One of the grants was awarded to John W. Bate Middle School theater teacher Darrell Rickmers. He said the school will have a musical production of “The Secret Garden.” 

Rickmers said the show requires period costumes that will either have to be acquired or made. “With the support of the Danville Schools Education Foundation and Alumni Association grant … we can bring characters from the past alive. It has been said that ‘costumes make the character.’ After 40 years involvement in theater, I truly believe in this philosophy,” Rickmers said. “I am excited and can’t wait for our production to come to life.”

A special grant was awarded to six second-grade teachers at Toliver Intermediate School to purchase cursive writing materials, Saylor said. Cursive writing is a skill that has been added to the second grade standards by the Kentucky Board of Education. The application requested that each second-grade teacher receive a set of “Cursive Kickoff” books to help them teach handwriting skills. The workbooks will also be used in the students’ enrichment classes.

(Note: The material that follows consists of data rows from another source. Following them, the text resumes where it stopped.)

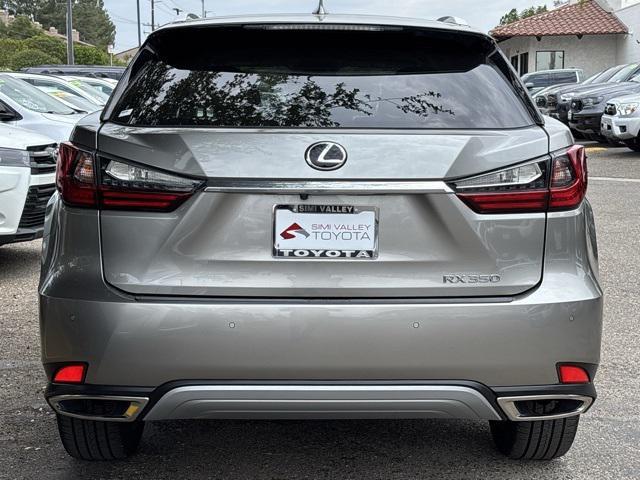used 2020 Lexus RX 350 car, priced at $34,495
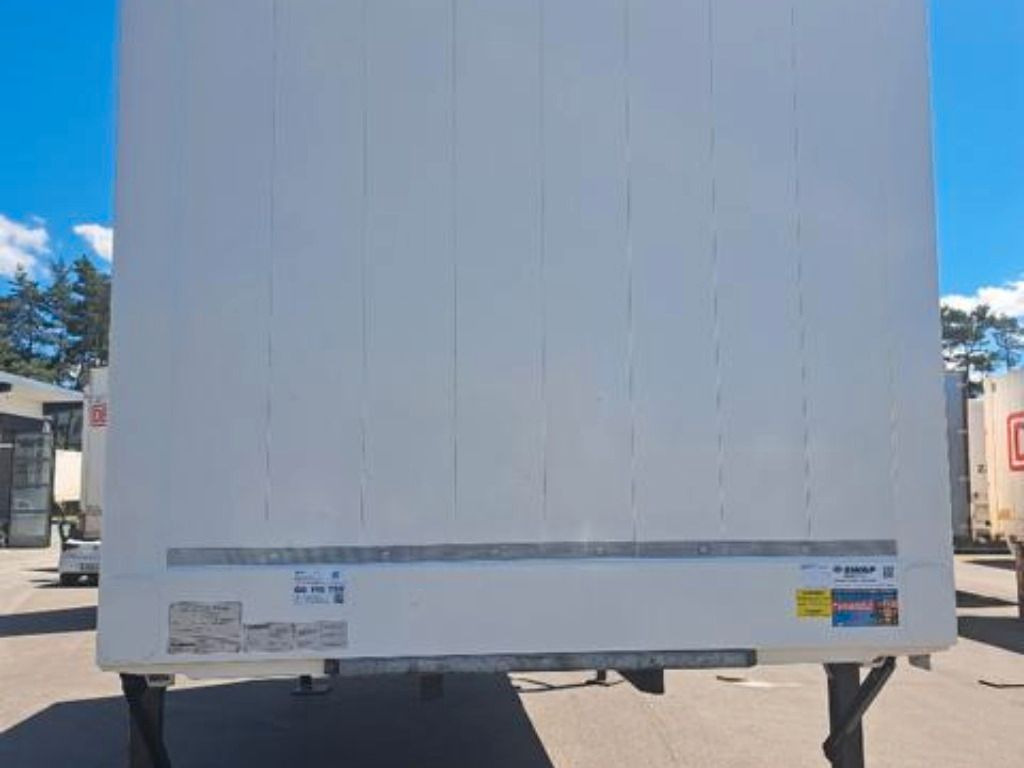 Krone Heck Alu.- Rolltor Krone Heck Alu.- Rolltor - Сменный кузов - фургон: фото 3 Krone Heck Alu.- Rolltor Krone Heck Alu.- Rolltor - Сменный кузов - фургон: фото 3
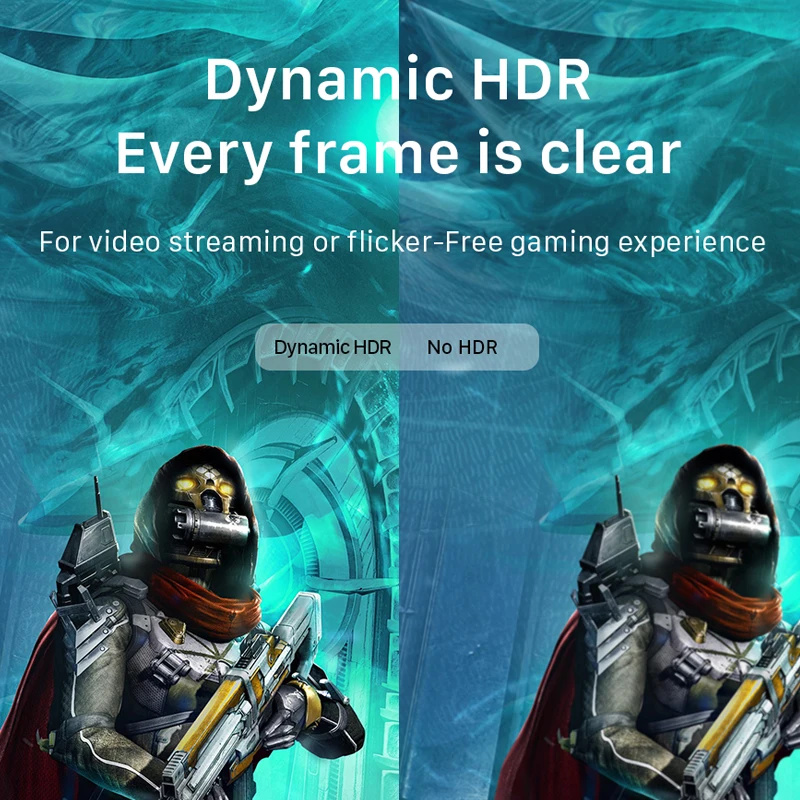 Ultra High-Definition 8K HDR HDMI Cable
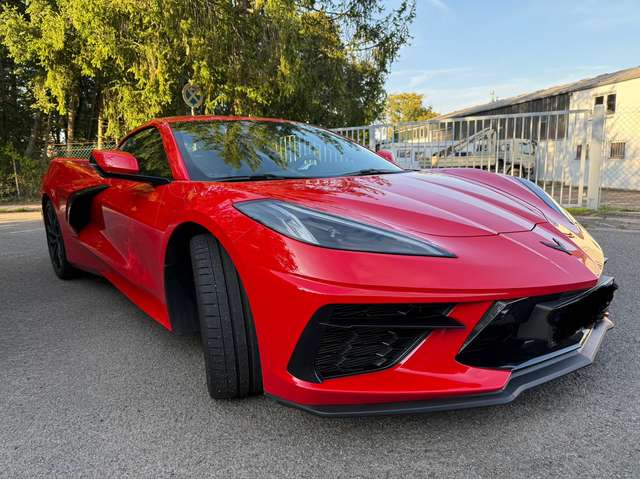Corvette C8 Stingway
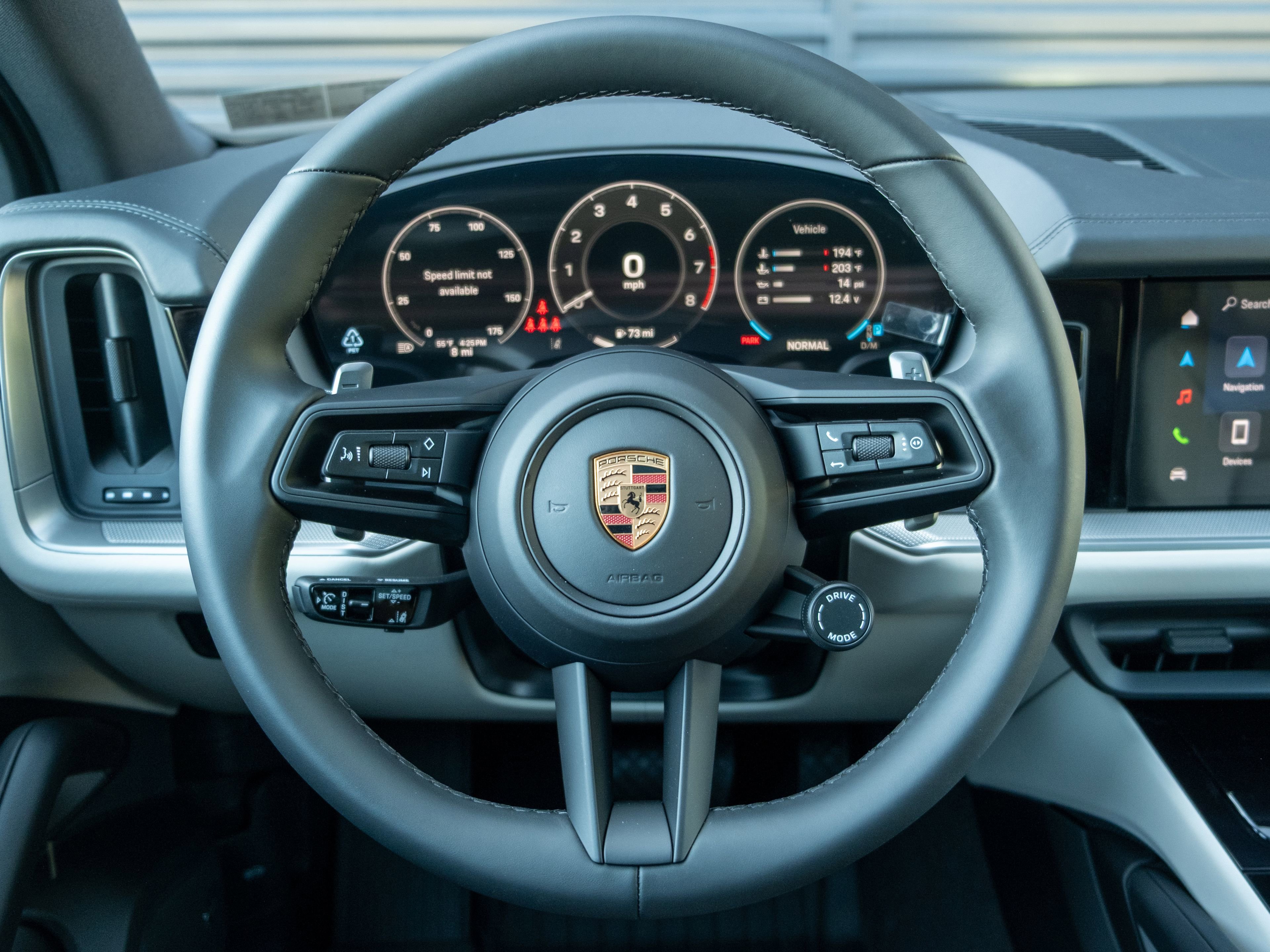 New 2026 Porsche Cayenne AWD/4WD image 6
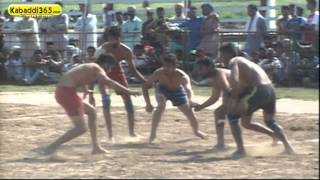(1) Lohara (Moga) Kabaddi Tournament 14 March 2016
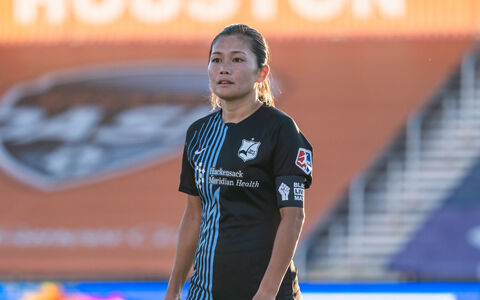 川澄奈穂美 inac神戸に期限付き移籍 4年ぶり古巣 受け入れてくれて感謝 川澄奈穂美 inac神戸に期限付き移籍 4年ぶり古巣 受け入れてくれて感謝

Teacher and coach Clay Clevenger received a grant for his project, “Admirals in a Tsunami.” The application stated that a new product called a tsunami bar helps with building students’ stabilizer muscles, which protect their joints and ligaments from injury, and helps them to build the muscles better than traditional workouts.

Other projects that will be funded through the grants include:

  • Creative journaling — Danville High School; students will receive materials and instruction and twice a week, they will share time and space to learn about how to write their own journals.
  • Video on the go — Edna L. Toliver Intermediate; will teach students how to create “awesome videos of meaningful events and activities.”
  • Flexible seating — Toliver; to purchase adapted seating options for students with moderate to severe disabilities.
  • Here’s looking at you — Toliver; to purchase portable, glassless mirrors that will allow dancers and actors to see and improve their movements.
  • “Just Mercy” community book read — DHS; to purchase books for students and members of the legal and law enforcement communities titled, “Just Mercy,” by Bryan Stevenson, so that they can read and discuss together issues of social justice.
  • Robotis STEM — DHS; to help teach students 21st century skills, such as collaboration, critical thinking and communication.
  • Making social studies come alive — Toliver: exciting online games that put students in the role of past Americans.
  • School-wide clubs — Bate; to support monthly school-wide Club Day, which includes 27 clubs.
  • Now you’re talking: vlogging in the speech language classroom — Toliver; purchase of vlogging equipment (for video and blogging) for students to share Toliver events and create a presentation of a topic they learned in a core class.
  • Calm down class and mind up! — Hogsett Primary School; evidence-based curriculum framed around 15 easy ways to implement lessons on mindful listening, seeing, tasting, movement, perspective, choosing optimism, gratitude and kindness.
  • Maywoods field trip — DHS; trip to Maywoods Environmental and Research Laboratory in Garrard and Rockcastle counties.
  • Headphone explosion — Hogsett; to purchase a class set of sturdy headphones and headphone splitters to use with existing technologies to personalize learning.